TWIN BLAZES FORM CALIFORNIA’S LARGEST EVER WILDFIRE
California: Two fires mercilessly roaring through northern California have grown so rapidly that they are now the largest ever to ravage the state, authorities said. Collectively dubbed the Mendocino Complex, the wildfires have burned through 283,800 acres — an area nearly the size of the city of Los Angeles — and are just 30% contained, according to state fire authority CalFire. Two people have died in the inferno, taking to 11 the number of people killed by major fires that broke out last month and are still ongoing.
A generation grows up in China without Google, Facebook
Hong Kong: Wei Dilong, 18, who lives in Liuzhou, China has never heard of Google or Twitter. He once heard of Facebook. It is “maybe like Baidu?” he asked, referring to the Chinese search engine. A generation of Chinese is coming of age with an internet that is different from the rest of the web. Over the past decade, China has blocked Google, Facebook, Twitter and Instagram, as well as thousands of other foreign websites, including The New York Times and Chinese Wikipedia. Many Chinese websites emerged to serve the same functions — though they came with censorship. Accustomed to the homegrown apps and online services, many young people appear uninterested in knowing what has been censored online, allowing Beijing to build an alternative value system that competes with western liberal democracy. China is now exporting its model of a censored internet to other countries, including Vietnam, Tanzania and Ethiopia.

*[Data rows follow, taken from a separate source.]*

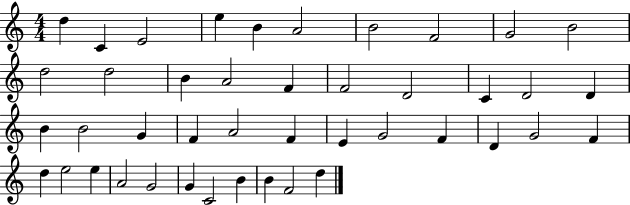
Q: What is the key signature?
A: C major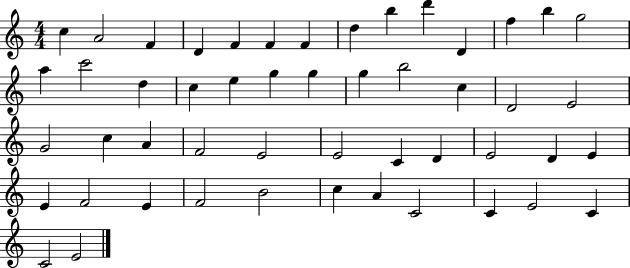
X:1
T:Untitled
M:4/4
L:1/4
K:C
c A2 F D F F F d b d' D f b g2 a c'2 d c e g g g b2 c D2 E2 G2 c A F2 E2 E2 C D E2 D E E F2 E F2 B2 c A C2 C E2 C C2 E2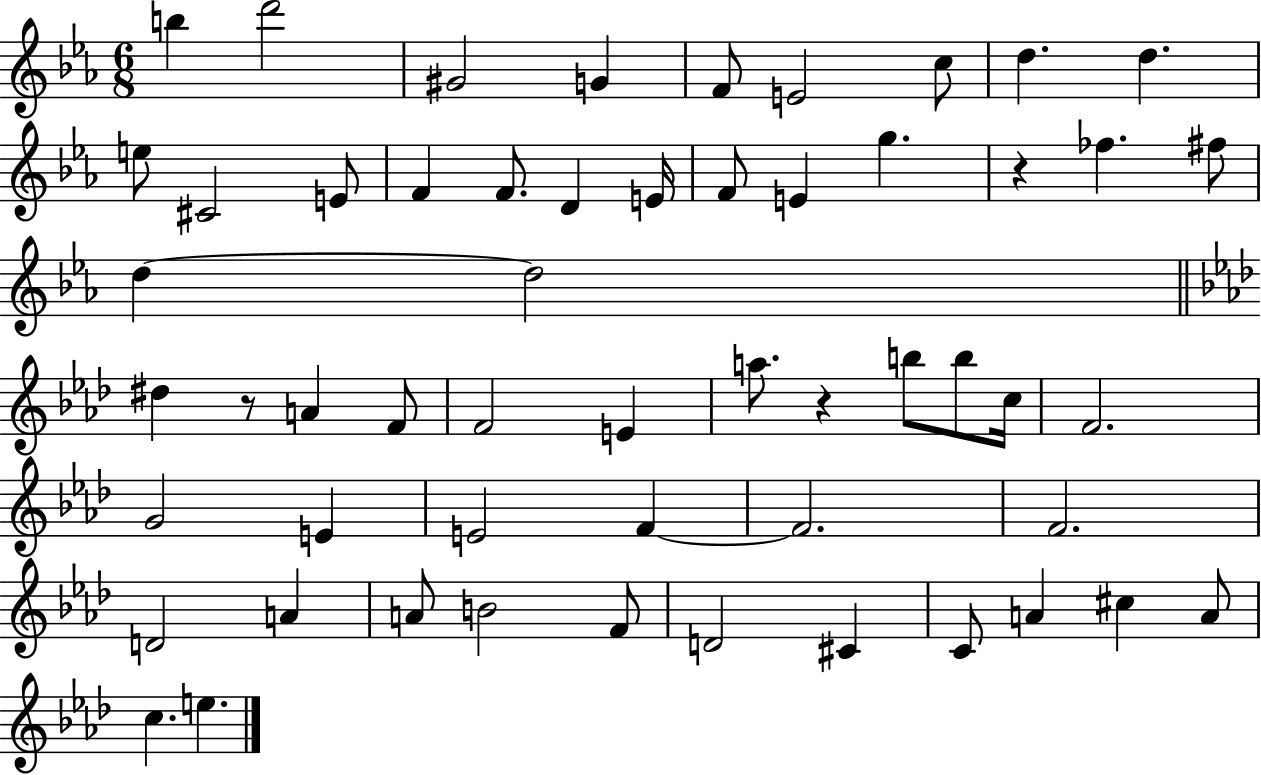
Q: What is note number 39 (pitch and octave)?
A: F4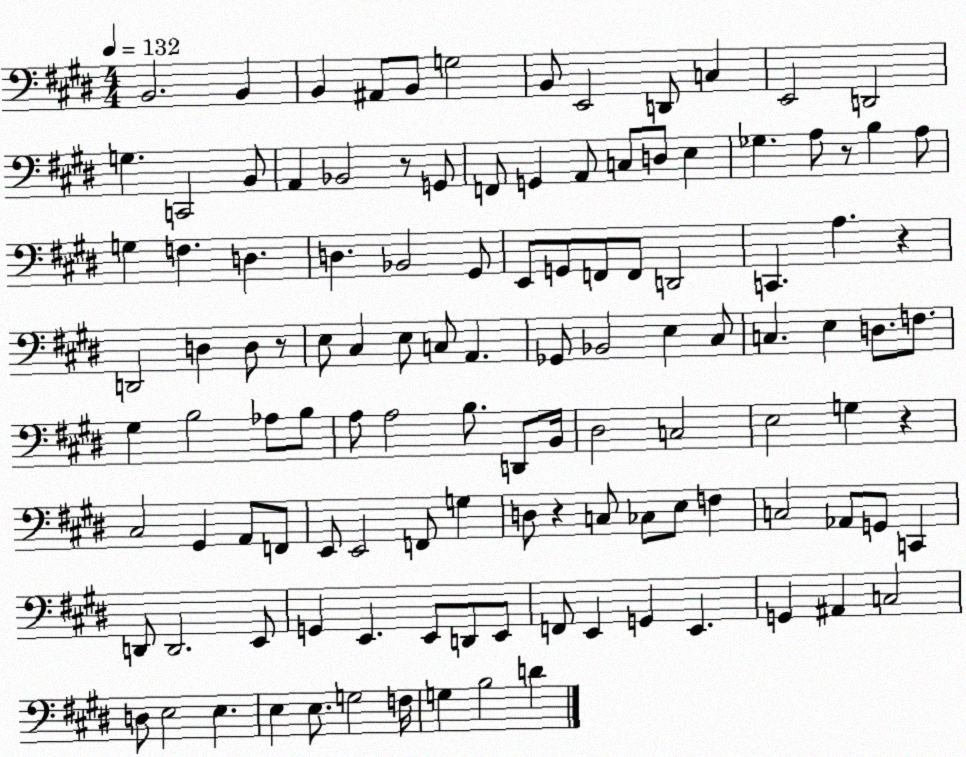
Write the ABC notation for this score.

X:1
T:Untitled
M:4/4
L:1/4
K:E
B,,2 B,, B,, ^A,,/2 B,,/2 G,2 B,,/2 E,,2 D,,/2 C, E,,2 D,,2 G, C,,2 B,,/2 A,, _B,,2 z/2 G,,/2 F,,/2 G,, A,,/2 C,/2 D,/2 E, _G, A,/2 z/2 B, A,/2 G, F, D, D, _B,,2 ^G,,/2 E,,/2 G,,/2 F,,/2 F,,/2 D,,2 C,, A, z D,,2 D, D,/2 z/2 E,/2 ^C, E,/2 C,/2 A,, _G,,/2 _B,,2 E, ^C,/2 C, E, D,/2 F,/2 ^G, B,2 _A,/2 B,/2 A,/2 A,2 B,/2 D,,/2 B,,/4 ^D,2 C,2 E,2 G, z ^C,2 ^G,, A,,/2 F,,/2 E,,/2 E,,2 F,,/2 G, D,/2 z C,/2 _C,/2 E,/2 F, C,2 _A,,/2 G,,/2 C,, D,,/2 D,,2 E,,/2 G,, E,, E,,/2 D,,/2 E,,/2 F,,/2 E,, G,, E,, G,, ^A,, C,2 D,/2 E,2 E, E, E,/2 G,2 F,/4 G, B,2 D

Two economists from Peking University and Stanford University concluded this year, after an 18-month survey, that Chinese college students were indifferent about having access to uncensored, politically sensitive information had given nearly 1,000 students at two universities free tools to bypass censorship, but found that nearly half the students did not use them. “Our findings suggest that censorship in China is effective… also because it fosters an environment in which citizens do not demand such information in the first place,” the scholars wrote. In March, Tencent surveyed more than 10,000 users who were born in 2000 or after, nearly eight in 10 said they thought China was either in its best time in history or was becoming a better country each day. Nearly the same percentage said they were very optimistic or quite optimistic about their future. Wen Shengjian, 14, said he had noticed that American rappers like Kanye West were vocal about social issues and that some even criticised the president in their music. That would not work in China, he said, because it is a developing country and needs social stability. That is a line the Communist Party makes sure that the state media and school textbooks repeat all the time.